A single mistake invalidates the entire sefer Torah

Many people are under the impression that if a scribe makes a mistake, they have to toss out the whole sefer and start over. This isn’t true. A mistake does invalidate the whole Torah – but not permanently. If there’s a mistake in a Torah, you can’t use it until it’s fixed – but you can almost always fix it.

Think about it. A Torah is a huge thing to write; it takes a whole year to write a Torah, working normal office hours for a normal working year. No-one can work that many hours and not make any mistakes at all, so during that time, most scribes will miss out an occasional word or letter. If we couldn’t fix those, we probably wouldn’t have any Torahs at all.

Perhaps you know the word palimpsest. A palimpsest is a piece of parchment from which the words have been removed, so that the parchment can be re-used. When we fix a mistake in a Torah, we make a localised palimpsest. We take a knife, and scrape away the ink.

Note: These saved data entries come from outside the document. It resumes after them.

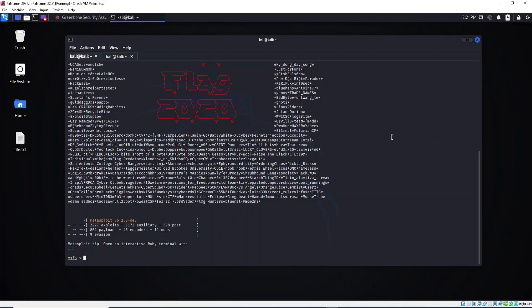In this video I'm going to show you how to access SSH using Metasploit. I showed you how to access it using the command prompt, the terminal, but now I will show you how to access it using Metasploit.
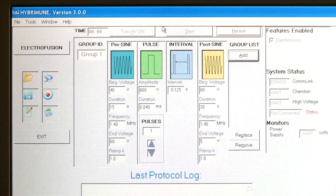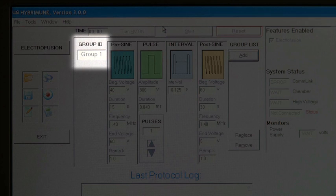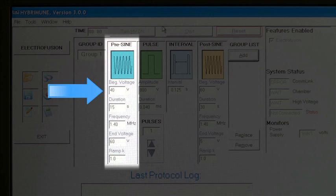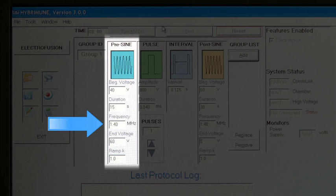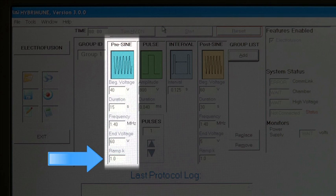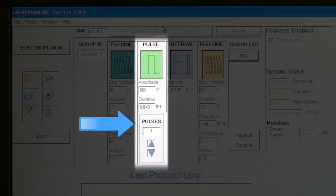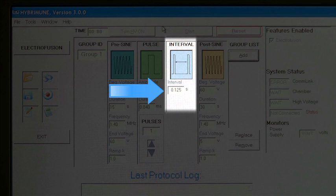The electroporation mode control panel area in the center of the screen is where the pulse protocol parameters are set, edited, and reviewed. Group ID displays the group number where characteristics are shown. Pre-sign parameters include: beginning voltage, duration in seconds, frequency in megahertz, end voltage, Ramp K, and non-linear ramp constant. Pulse parameters include: pulse amplitude (voltage of the electroporation fusion pulse), duration (length of the pulse), number of pulses to deliver, and interval (delay between the start of each pulse).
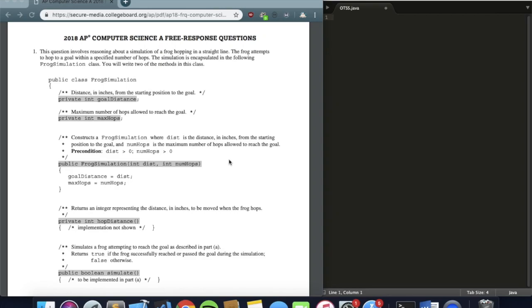Hi guys, welcome back to On The Spot STEM. As you all know, we have the AP exams coming up soon and the AP Computer Science exam is in a couple of Fridays. Today we're going to be tackling all four free response questions from the 2018 AP CompSci A exam — the FRQs released on the College Board website — and we'll go one at a time.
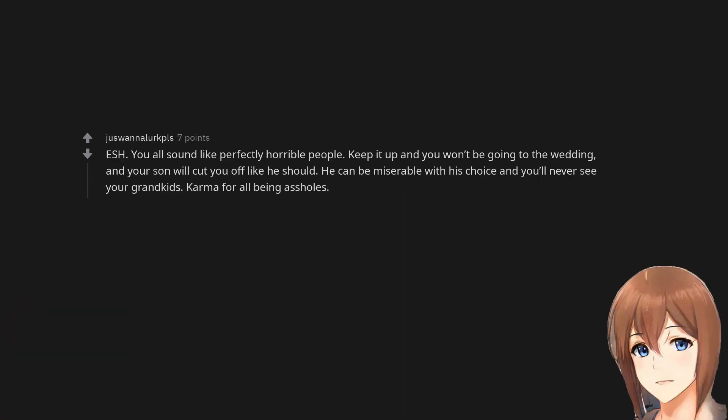ESH. You all sound like perfectly horrible people. Keep it up and you won't be going to the wedding, and your son will cut you off like he should. He can be miserable with his choice and you'll never see your grandkids. Karma for all being assholes.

Let’s compare paper and parchment.

Here’s a letter tet written with marker pen on regular paper.

When you flip it over, it looks like this. The ink soaks all the way through the paper. If you scraped away the ink, you’d scrape away the paper.

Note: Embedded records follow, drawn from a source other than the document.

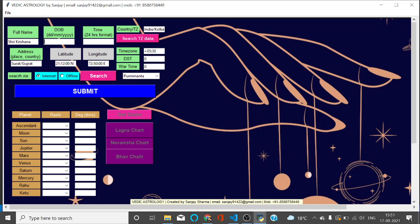First of all, I will give you a small demo. I will fill the details - suppose birthday 7 December 1987, maybe time of birth is 2:30 AM. It's 24-hour format, so you don't have to write PM or AM here. Simply write in - suppose if your time was 1 PM, then in that case your time will be 12 plus 1, that is 13:00.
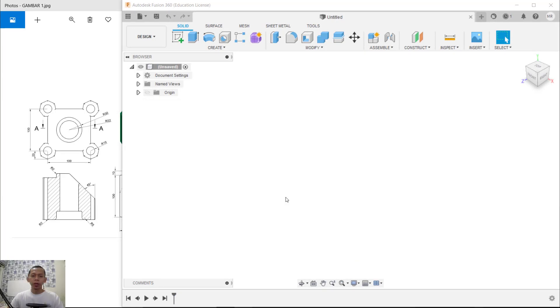Hello everyone, today we are going to create a 3D modeling object with Fusion 360 for exercise number one.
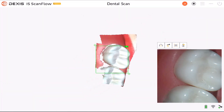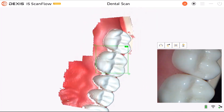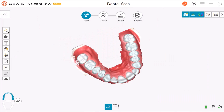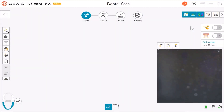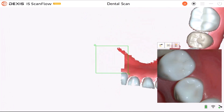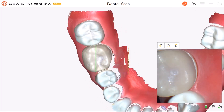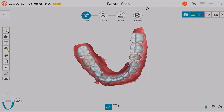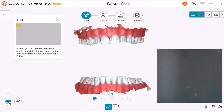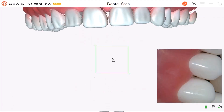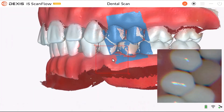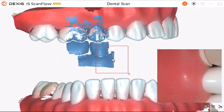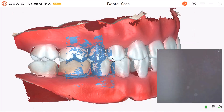Scan the upper jaw. Scan the lower jaw. Acquire the buccal bite registration.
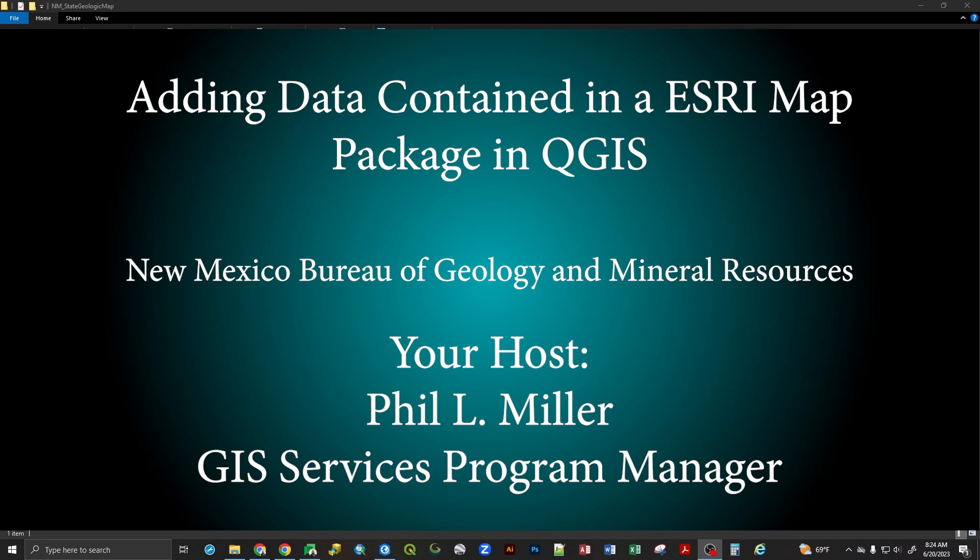Hello and welcome to my YouTube channel. I am Phil Miller, the GIS Services Program Manager at the New Mexico Bureau of Geology and Mineral Resources.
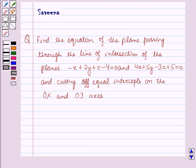Hello and welcome to the session. In this session we will discuss a question which says: find the equation of the plane passing through the line of intersection of the planes minus x plus 2y plus z minus 4 is equal to 0 and 4x plus 5y minus 3z plus 5 is equal to 0, and cutting off equal intercepts on the OX and OY axis.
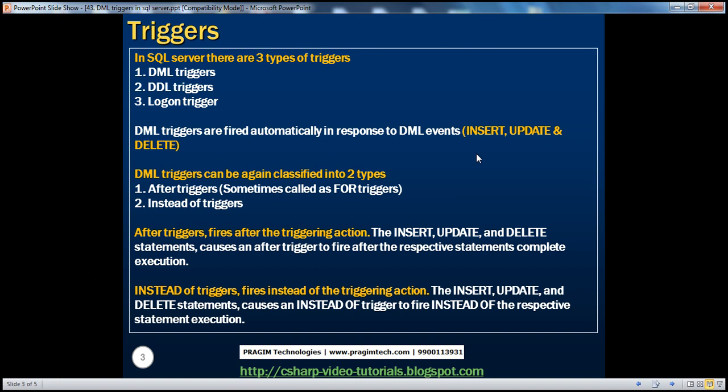Whereas instead-of triggers, as the name says, fire instead of the triggering action. For example, when you try to insert a row into a table, instead of inserting that row, if there is an instead-of trigger, that gets fired. We will be talking about instead-of triggers in a later session.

So we’re used to thinking of ink as something it’s impossible to erase.

But Torah parchment is thicker than paper, and Torah ink doesn’t soak in. This is a letter bet written on parchment (magnified quite a lot–notice the texture of the parchment).
Here’s that same bet, cut sideways. See the three-dimensional nature of the letter, and the way it sits on top of the parchment (there’ll be more about how that works when I make a post about ink). By no means is the ink soaking all the way through. Not even close.
So erasing Torah ink from parchment is a totally different proposition from erasing marker ink from paper.

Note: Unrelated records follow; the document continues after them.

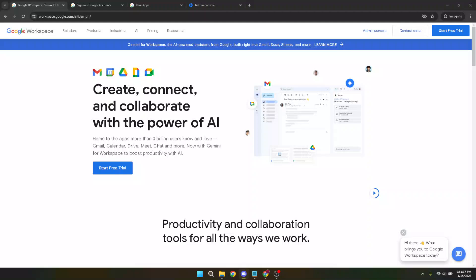In today's video I'm going to teach you how to set up your Google Workspace domain. This process is straightforward and doesn't require much time, so let's dive in and get started.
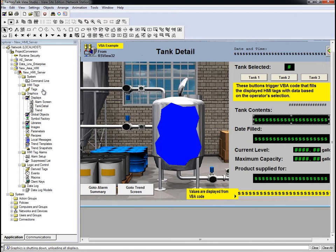First, now that we have the RS-Lynx Enterprise Server created, we will need to update a few HMI tag references to point to the correct controller.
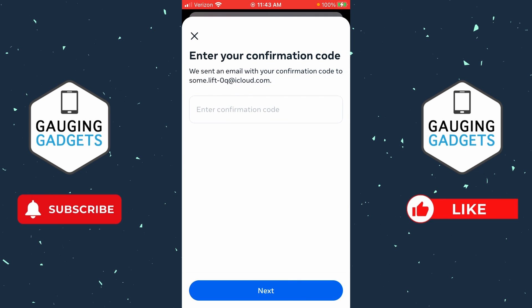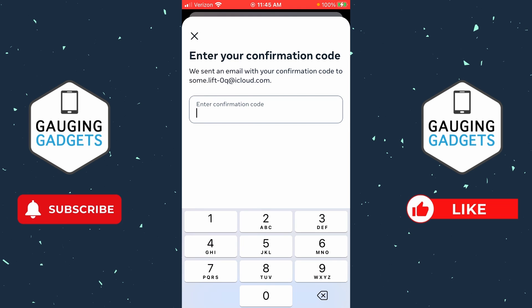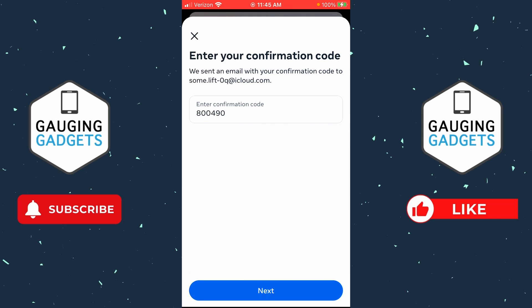After that, you'll need to enter the confirmation code that was sent to the email address you just entered. Once you get the code, enter it in, and then select Next.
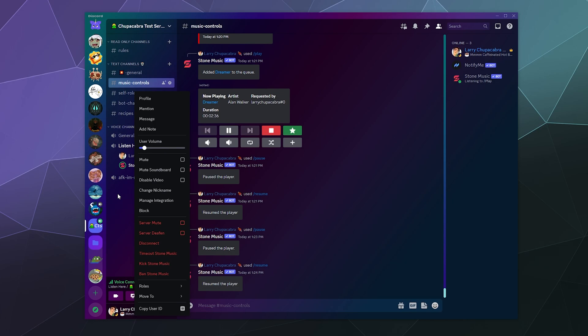You can locally mute it so you yourself can't hear it, or disable video controls, or disable the soundboard if it's using the soundboard.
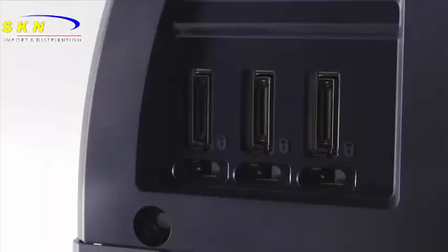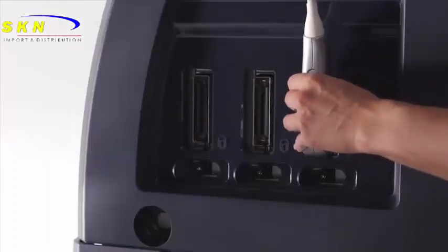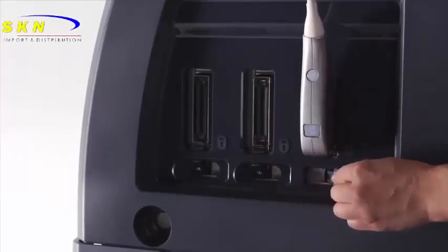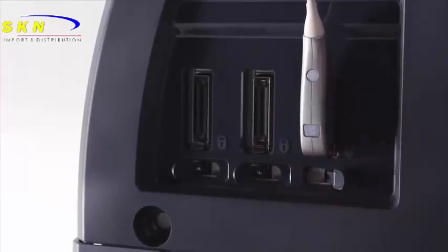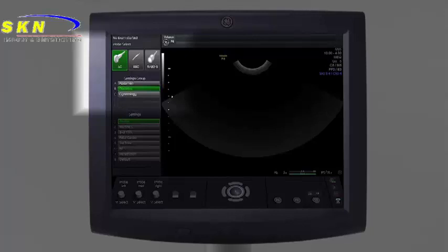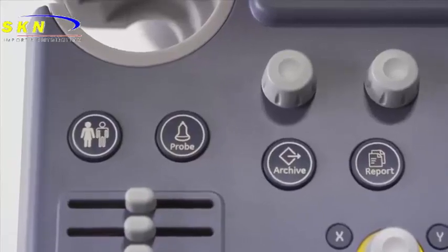To connect a probe, push the connector into place, then flip the paddle switch underneath to engage. Plugging in a probe activates the probe selection menu. All probes currently connected will appear on the menu.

When we fix a mistake, we use a knife to remove a thin layer of the parchment and the ink with it:

And there is still plenty left for us to write on. In the next post, we’ll see that happen.

One thought on “A single mistake invalidates the entire sefer Torah”

  1. Tradition states that those chosen by G-d have many times incurred His anger by breaking His laws. If the sin remained permanently and could not be forgiven or erased, would it not be like ink written on paper which cannot withstand erasure? It seems to me that ink written on parchment when an error occurs, is like sin. It may be erased, and thereby corrected without destroying the parts that are correct and thereby good in the eyes of G-d.